At October 30, 2010 at 1:09 AM , Blogger Shell said...

I think you already know that I have been struggling with this, too.

I hope that you can find that balance.

 
At October 30, 2010 at 7:17 AM , Blogger Jessica said...

You never know when something you might just feel like you're blabbing about is a help to someone else.

Hope to hear more from you soon!

 
At October 30, 2010 at 10:19 AM , Blogger cooperl788 said...

I know what you mean. I went through this a few months ago. I woke up one day and realized that I didn't care if I ever had 1 more follower.

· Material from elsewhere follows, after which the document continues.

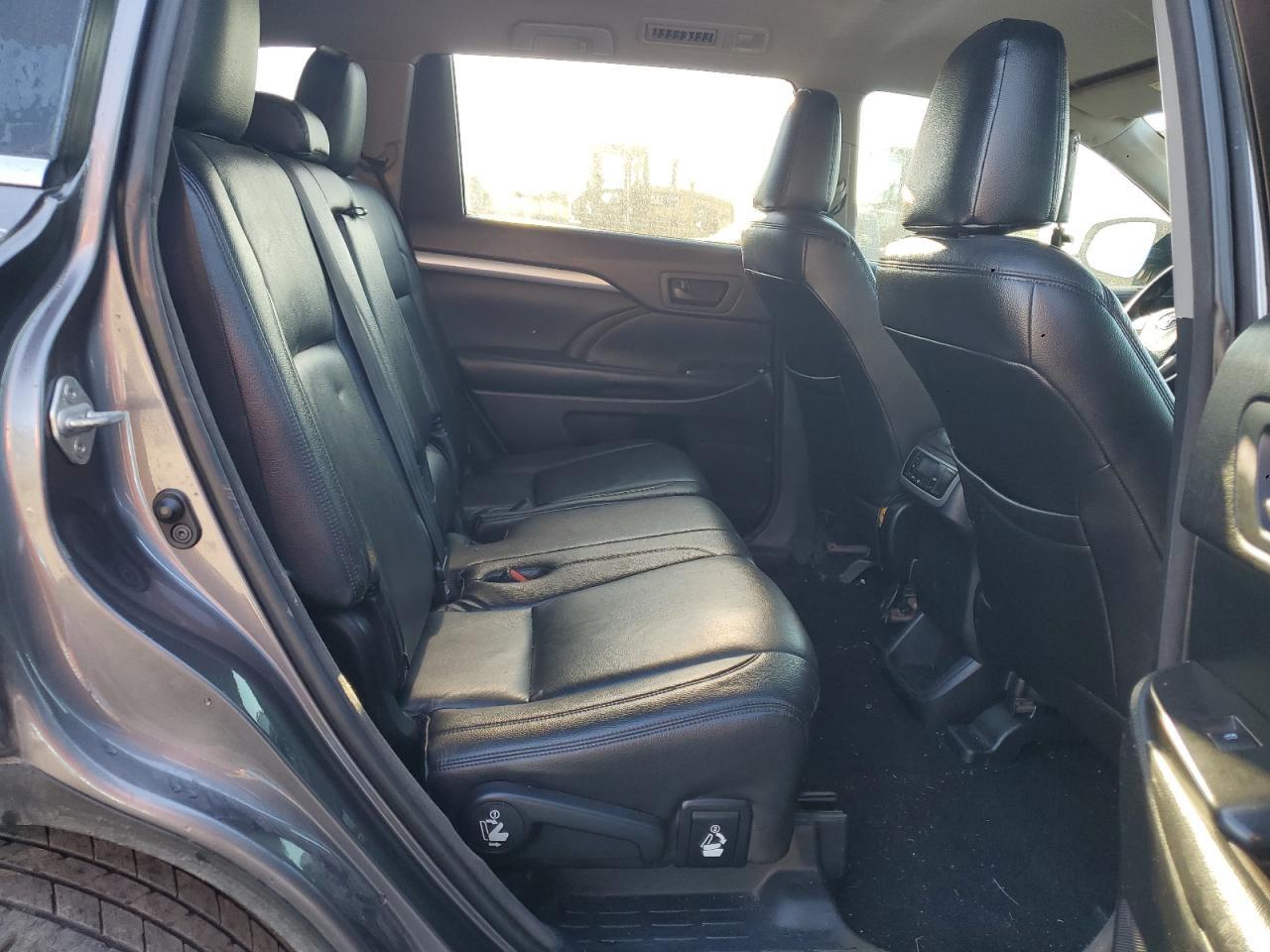2016 TOYOTA HIGHLANDER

I only wanted to read the blogs that I liked, so I was only going to follow blogs that I actually wanted to read. And I wanted my readers to be that kind of reader too. Since then, I've found it SO much more fun to blog again.

 
At October 30, 2010 at 10:49 AM , Blogger Sara said...

Aaaghh. I feel your frustration. I have the time to blog endlessly, follow endlessly, and comment all I want. BUT it won't always be that way and sometimes I wonder if I should get out and do more in real life, lol.

Lately, I've had stories to tell, and I can start them in my head, but nothing comes out. I want my blog to be more meaningful, but I'm struggling.

I hope you find a balance, and I hope that you keep writing, even if you never answer another comment, or only post once a week. I heart you!!

 
At October 30, 2010 at 11:59 AM , Blogger Dawn said...

I've been there...I really had to take a breather and remember why I started blogging to begin with and stay true to self.
Your banana bread looks wonderful!

 
At October 30, 2010 at 2:56 PM , Blogger Jenn said...

Trust me...I know exactly what you mean. Hope you find the balance you are looking for! :)

 
At October 31, 2010 at 2:57 AM , Blogger Heather Pranitis said...

This comment has been removed by the author.

 
At October 31, 2010 at 2:59 AM , Blogger Heather Pranitis said...

Sometimes we need a breather. I picked up this cool little book a few weeks after I started my blog - for days I am stuck: The Pocket Muse by Monica Wood. It will be added to a few stockings this Christmas - to the writer's in my life. However, it seems as though the baking helped?